TO DO
Your output is to hold only the lines from the one showing "Swim Summer Beach" through the end of the listing, exactly, with every picture excluded.

── DATASET SECTION

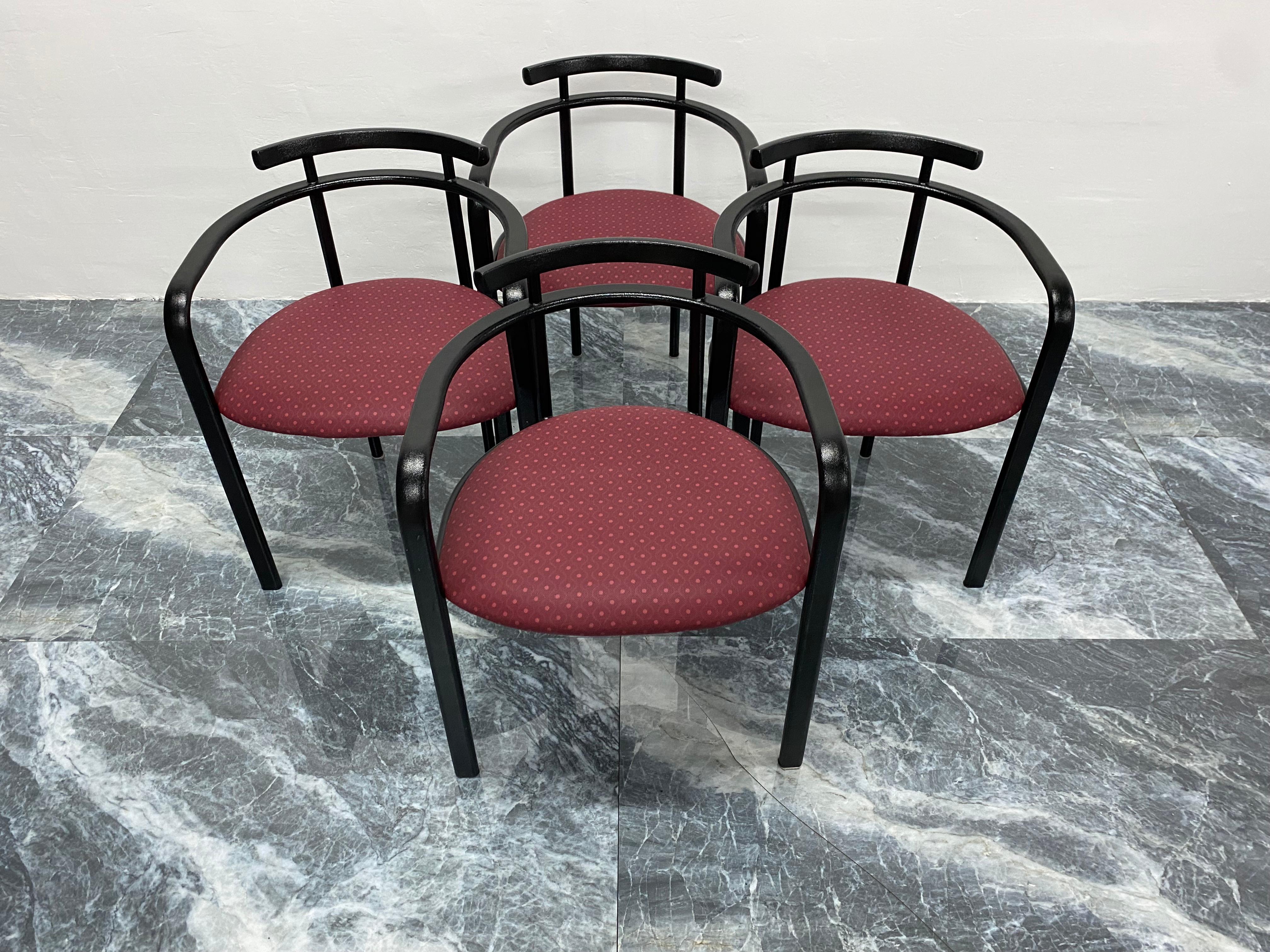 Postmodern Textured Black Lacquered Dining Chairs by Hank Loewenstein, Set of 4 In Good Condition In Miami, FL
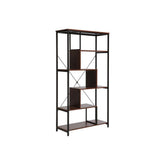 Biblioteca NET B, nuc inchis/negru, PAL laminat/metal, 75x35x132 cm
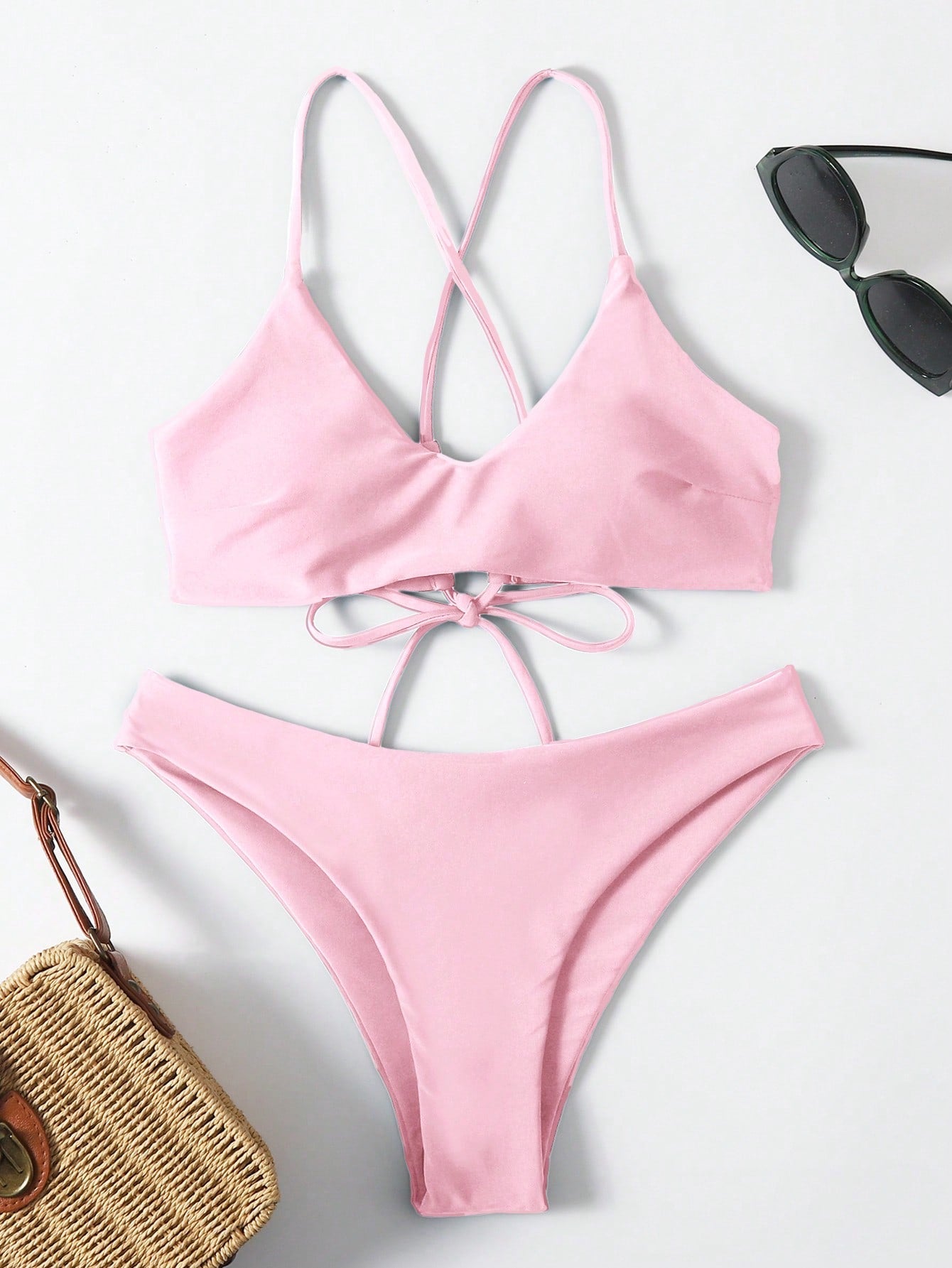 Swim Summer Beach Wireless Spaghetti Strap Tie Back Bikini Set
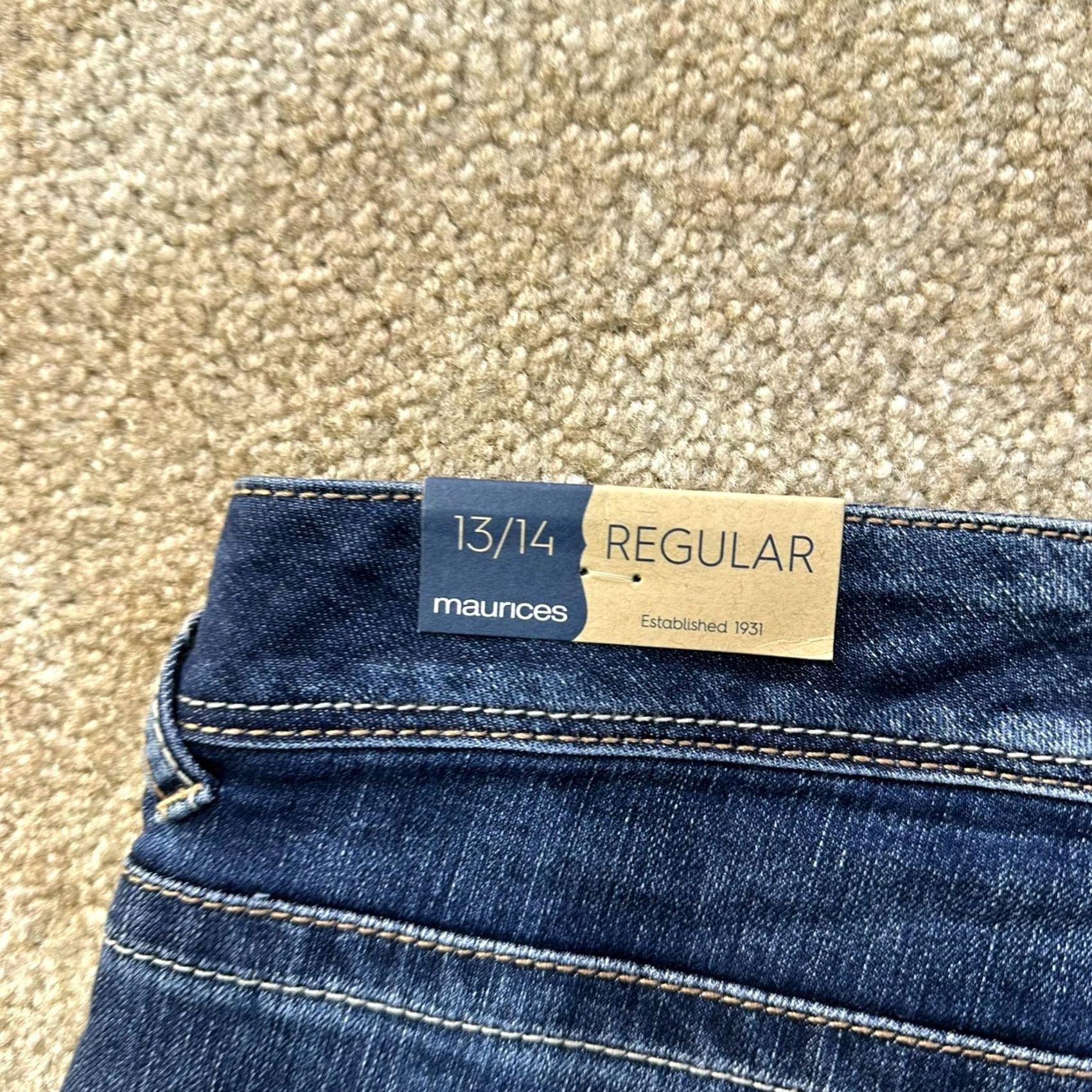 Vintage Maurices Jeans Women's 13/14 Blue Denim Stretch Low rise Bootcut Size 36" / US 14 / IT 50 - 4 Thumbnail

────

RESULT OF THE EXERCISE
 Swim Summer Beach Wireless Spaghetti Strap Tie Back Bikini Set
 Vintage Maurices Jeans Women's 13/14 Blue Denim Stretch Low rise Bootcut Size 36" / US 14 / IT 50 - 4 Thumbnail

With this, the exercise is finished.